# Material provided:
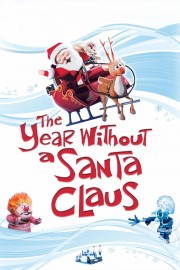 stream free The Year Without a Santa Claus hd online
...
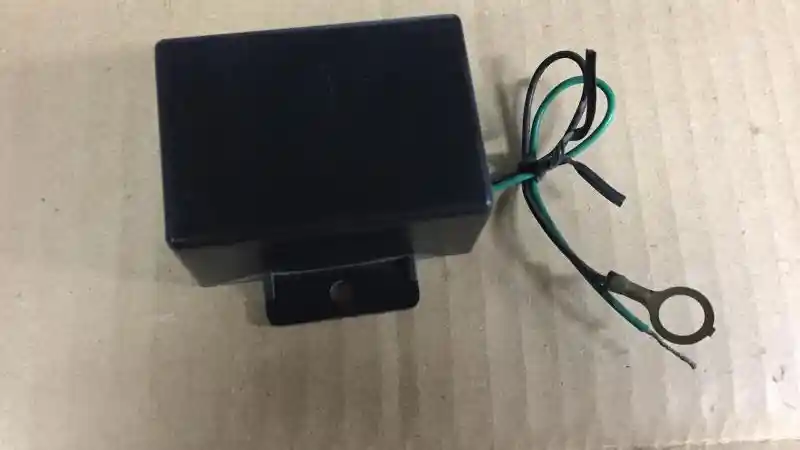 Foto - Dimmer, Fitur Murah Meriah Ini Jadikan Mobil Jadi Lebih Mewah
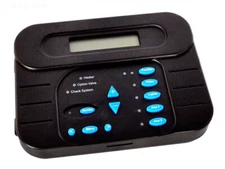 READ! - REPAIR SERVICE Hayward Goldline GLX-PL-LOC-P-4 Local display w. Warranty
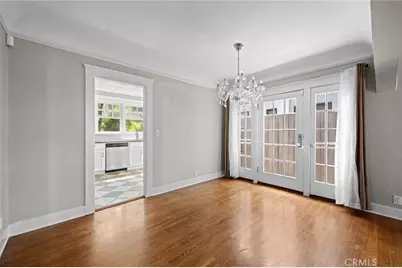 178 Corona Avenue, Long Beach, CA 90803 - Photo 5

# Assigned task:
Where a picture appears in the records above, omit it, and transcribe exactly the stretch of lines from the one with "READ! - REPAIR" through the one with "178 Corona Avenue, Long".

# Output for this task:
 READ! - REPAIR SERVICE Hayward Goldline GLX-PL-LOC-P-4 Local display w. Warranty
 178 Corona Avenue, Long Beach, CA 90803 - Photo 5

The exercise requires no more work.